3.1 Reversing Camera - Engine Running Fix 
The first problem I ran into is that the camera would work fine with the ignition switch in the ON position, but once I started the car it wouldn't work anymore. This reminded me of some old car stereo buzzing problems I used to have years ago which was fixed by a noise isolator. So I bought one of these and wired it in. This worked perfectly and now the camera worked exactly as intended. As a side note, this Response brand of noise isolator has lousy instructions. Their web instructions don't match with the paper instructions that they provided. Follow the wiring diagram above with the green wire going to the +12V of the car and the red wire going to the power input on the camera.

3.2 Reversing Camera - LED Light Polarity Fix
At this point the camera was working great, but the license plate light that it was integrated with did not light up! The LED light, unlike the incandescent light that it was replacing, cannot be put in any-which-way. There is a + and a - side and they need to be hooked up correctly. This picture shows the light working fine when providing +12V to the left contact. But it wouldn't work in the car which provided +12V on the right contact. I could prove this by crossing the wires like in this picture. I contacted the vendor on eBay and after showing them these pictures they went back into their inventory and found a camera module where the LED was wired the other way and sent it to me for free. This was good customer service, but I wonder if Audi wires their cars differently in Australia? Because Audi uses incandescent lights the polarity of this wiring doesn't matter, but it does with LEDs.
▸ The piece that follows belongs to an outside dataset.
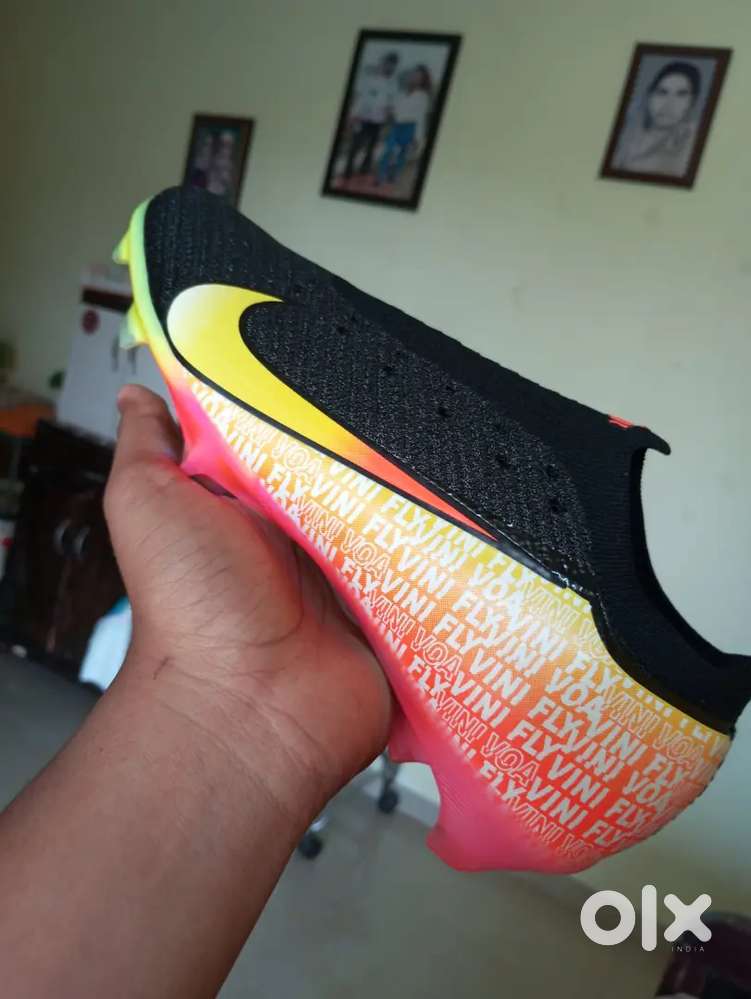 Vini jr football boots nike mercurial vapor 16 brand new  stock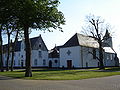 2007 : abbaye Sainte-Godelieve de Gistel en activité.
3.3 Reversing Camera - Light Bulb Warning / CANBUS Error Fix
Now that the LED was working with the replacement camera module the car would give a Light Bulb Failure Warning (a.k.a. CANBUS Error). Because the LED draws so much less power than the incandescent bulb, the engine computer thinks the bulb is burned out. This meant a very annoying beep every time the lights came on. The next goal was to fix the light bulb warning. After some Googling around, I found this product which basically puts a load on the line to fool the engine computer into thinking that the bulb is there. You can easily do this yourself by wiring a resistor in parallel with the LED, but this solution was nice in that it was plug-and-play with the correct connections at either end. I also replaced the bulb on the other side of the license plate with one of these so that the lighting would be even and to avoid drawing too much load with the resistor packs.

To see how the final installation looks of the camera with fully working LED lights as well, click on my original link above.

Overall I am happy with the result, but it was a bit more involved than I had hoped. It took several months of elapsed time to sort out all these problems so I hope this little blog post can fast-track a solution to these problems for others in the same situation.


----------



## jmkyler3 (Jun 5, 2010)

npace said:


> OP, I'm sure you have good intentions, but I'm not clicking on that link, and nobody else on this forum should, either. Please copy and re-post the write-up here if you want us to see it.


Haha.....come on, be adventurous and click the link.


----------



## ambanmba (Dec 1, 2000)

> Haha.....come on, be adventurous and click the link.


Ironically, the cut/pasted article has now been auto-polluted with all sorts of fake advertising links.. my view is that the original link is still the best way to read this.


----------



## npace (Sep 3, 2012)

ambanmba said:


> It's a legit link, here is the full link: http://blog.ambor.com/2015/08/installing-pumpking-audio-7-android-car.html
> 
> Anyway, to avoid people thinking it's link-bait - here is the full cut/paste (slightly edited) but without the associated links. Click above if you want to see the pics/etc. As an old fart (I've been on this forum since 2000) in my day, not every tutorial published online was actually something nefarious.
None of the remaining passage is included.